DEI efforts intensify within dermatology

Dermatology makes great strides forward.

Left to right: Kanade Shinkai, MD, PhD, FAAD, and Henry W. Lim, MD, FAAD.
Left to right: Kanade Shinkai, MD, PhD, FAAD, and Henry W. Lim, MD, FAAD.

Although the field of dermatology has made steady progress in addressing diversity, equity, and inclusion (DEI), there’s more work ahead. But there are also increasing numbers of physicians who are committed to the effort.

The goal of more comprehensive DEI is within reach, according to Kanade Shinkai, MD, PhD, FAAD, a dermatologist with the University of California San Francisco Health, and Henry W. Lim, MD, FAAD, AAD past-president and dermatologist at Henry Ford Hospital in Detroit. Drs. Shinkai and Lim co-chaired  the session, S023 – Diversity, Equity, and Inclusion, which highlighted the importance of DEI in dermatology and the efforts underway to improve it.

“Dermatology is the second least-diverse specialty in the house of medicine with regard to race and ethnicity,” Dr. Shinkai said. “However, there are tremendous efforts happening in dermatology to broaden diversity, inclusion, and equity in this specialty, including gender/sexual orientation, race, ethnicity, religion, and ability status.”

“Structural racism and unconscious bias, for example, can affect our diagnostic evaluation and management of patients with skin disease,” Dr. Lim said.
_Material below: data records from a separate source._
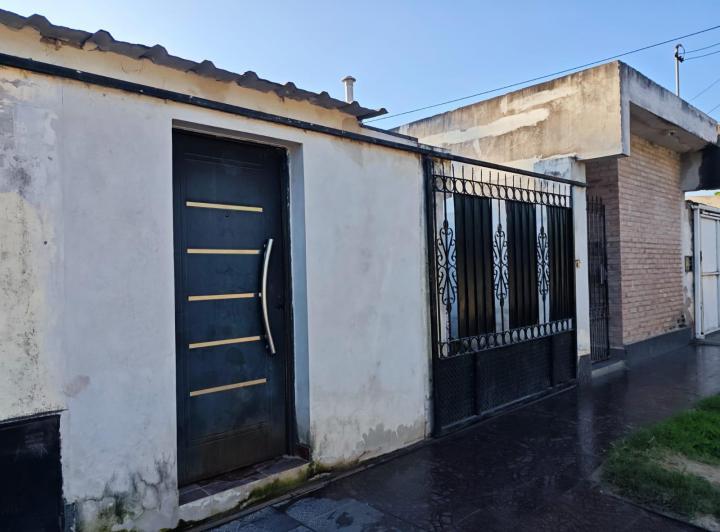 Casa · 270m² · 5 Ambientes · 1 Cochera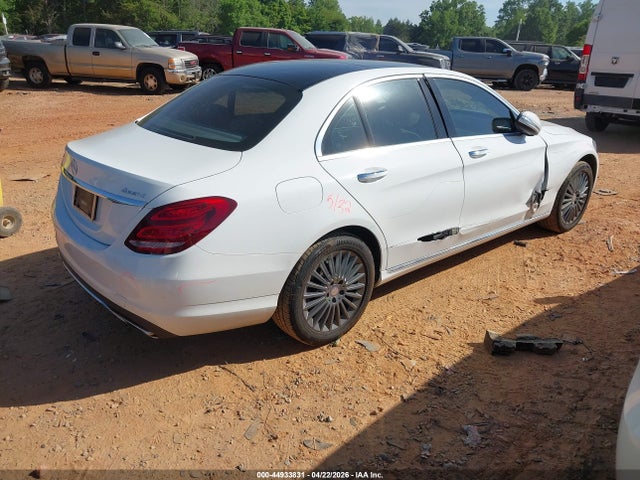 44933831 :رقم المزاد ، 55SWF4KB2FU033525 vin ، 2015 Mercedes-benz C 300 Luxury 4matic مزاد بيع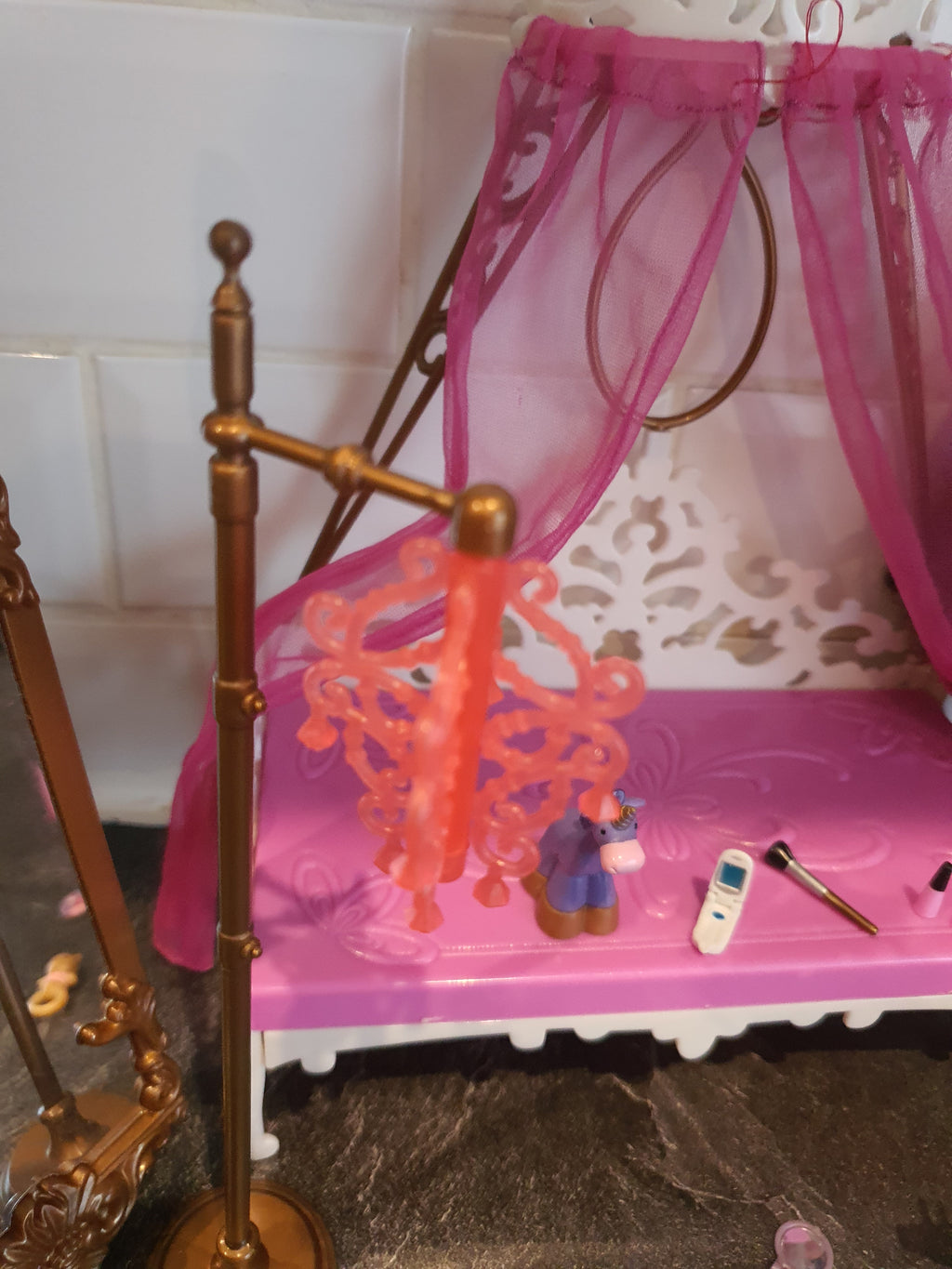 Bratz yasmin bedroom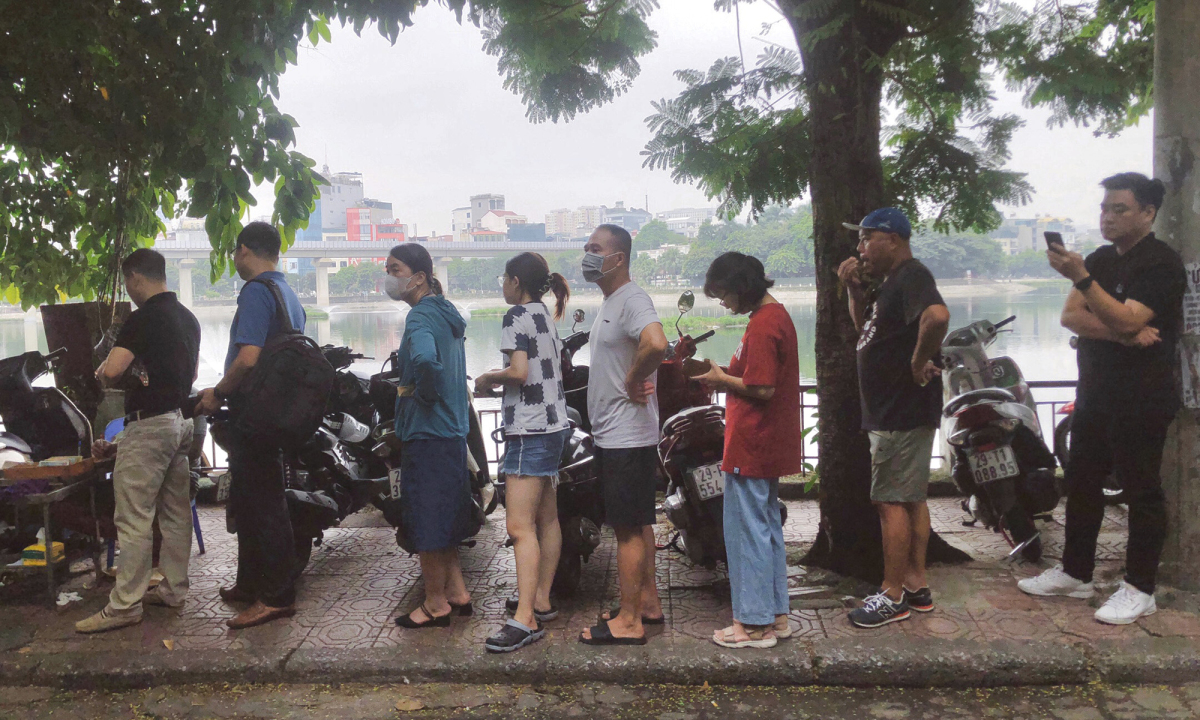 Restaurante Pho en Hanoi, los clientes tienen que hacer cola como en el período de subsidios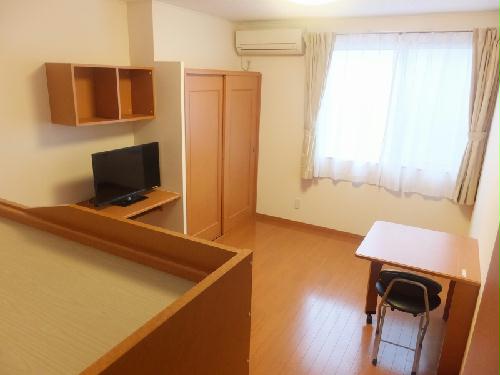 居室・リビング　大型家電設置済みのお部屋です。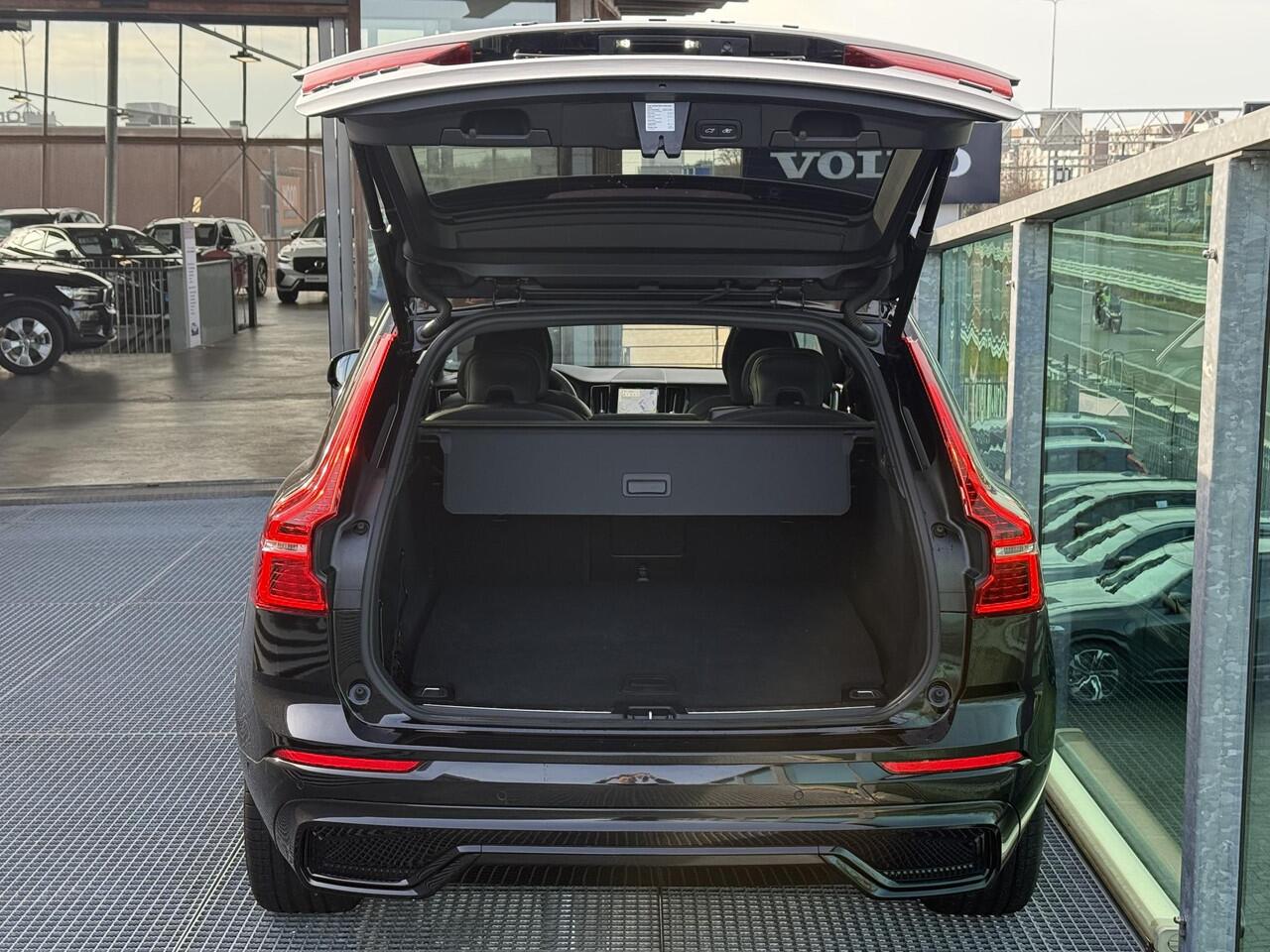 Volvo XC60 2.0 T6 Plug-in hybrid AWD Plus Black Edition , Automaat , Adaptive Cruise , Pilot Assist , 360 Camera , Panoramadak , Elek. verstelbare stoelen met geheugen , Stoelen+Stuur+Achterbank verwarmd , BLIS , Google , Leder , Extra getint glas ,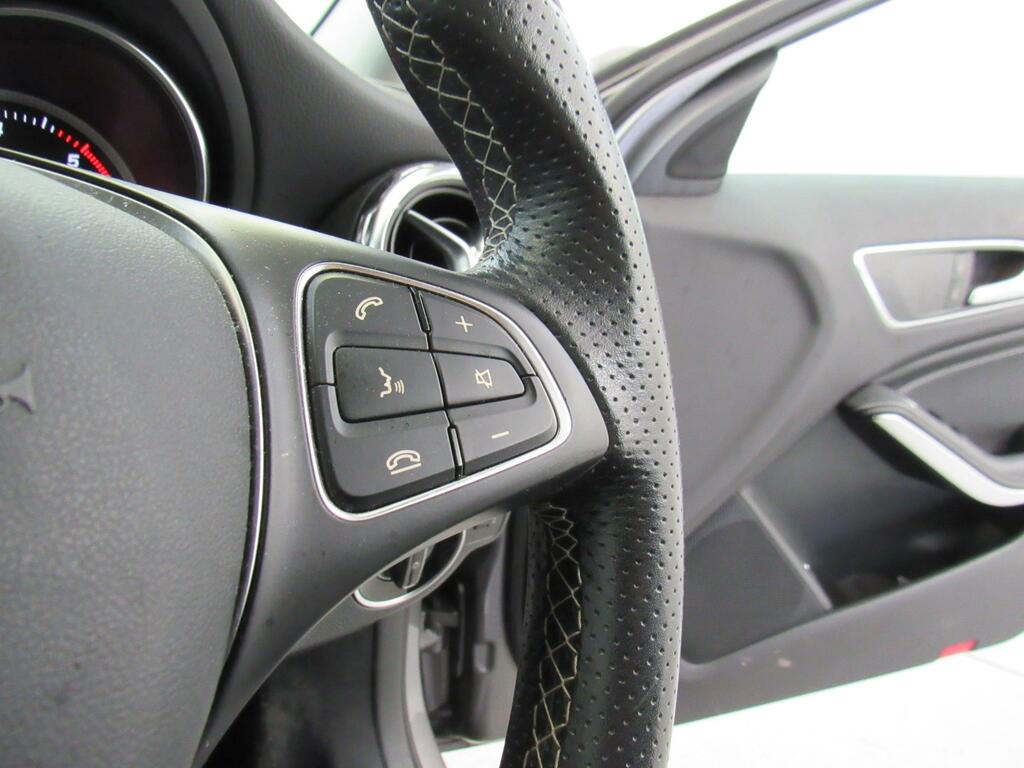 Mercedes-Benz GLA Class 2.1 Gla200d Se Executive Euro 6 Ss Black #20
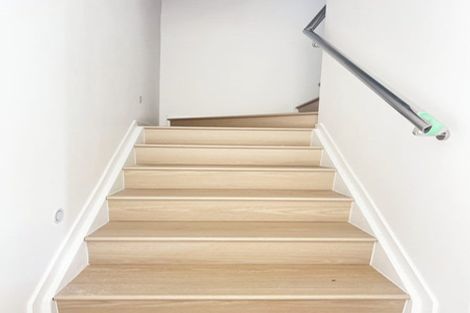 Photo of property in 9a Ussher Place, Pakuranga Heights, Auckland, 2010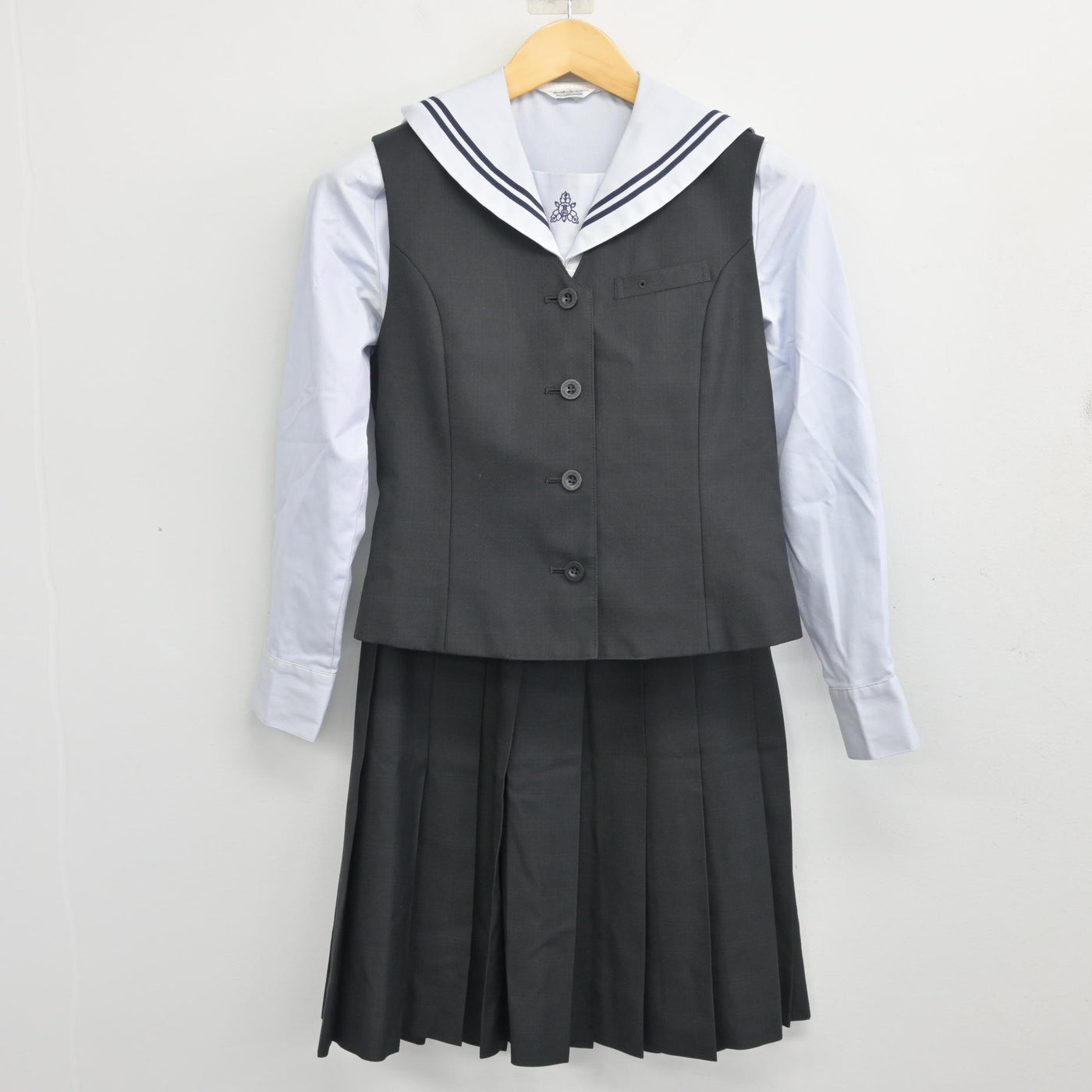【中古】熊本県 菊池高等学校 女子制服 4点 (ブレザー・ベスト・ブラウス・スカート) sf099758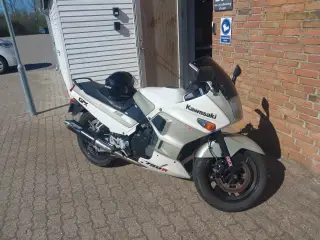 Kawasaki gpx 750r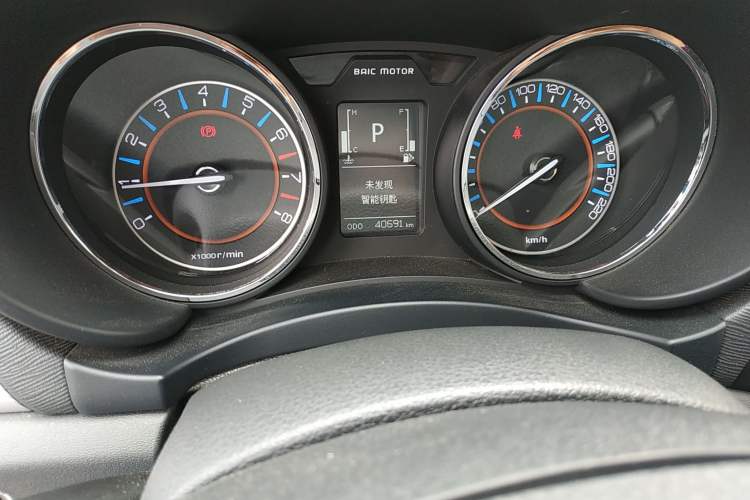 Used BAIC Senova X55 2016 1.5T CVT Elite Edition Odometer Close Up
To address these issues, dermatology is already making strides to acknowledge and improve its commitment to DEI through key initiatives, Dr. Lim said. These include:

  • Partnerships among dermatology leadership groups to improve DEI, including AAD, the Association of Professors of Dermatology (APD), the Skin of Color Society (SOCS), the Society for Investigative Dermatology (SID), the Women’s Dermatological Society (WDS), and the AAD LGBTQ/Sexual and Gender Minorities (SGM) Expert Resource Group.
  • Diversity-focused conferences and meeting sessions, including the DEI session at the Annual Meeting and the AAD Diversity Champions Workshop.
  • Increased awareness and recommendations to increase representation of images of skin conditions in diverse populations in textbooks, journals, curricula, and in presentations for speakers at AAD meetings.
  • Programs to develop content related to DEI and social determinants of health, including the new AAD Skin of Color curriculum.
  • DEI taskforces and committees within dermatology organizations, state societies, and academic dermatology departments.
  • A holistic review framework that is more widely used by dermatology residency programs to select residents.
  • Increased content in key dermatology journals that focuses on DEI and health care disparities.

Drs. Shinkai and Lim agree that these initiatives, combined with a wide spectrum of mentorships, sponsorships, allyship building, research, education, advocacy, and leadership in dermatology will help dermatologists move the needle toward improved DEI and patient care.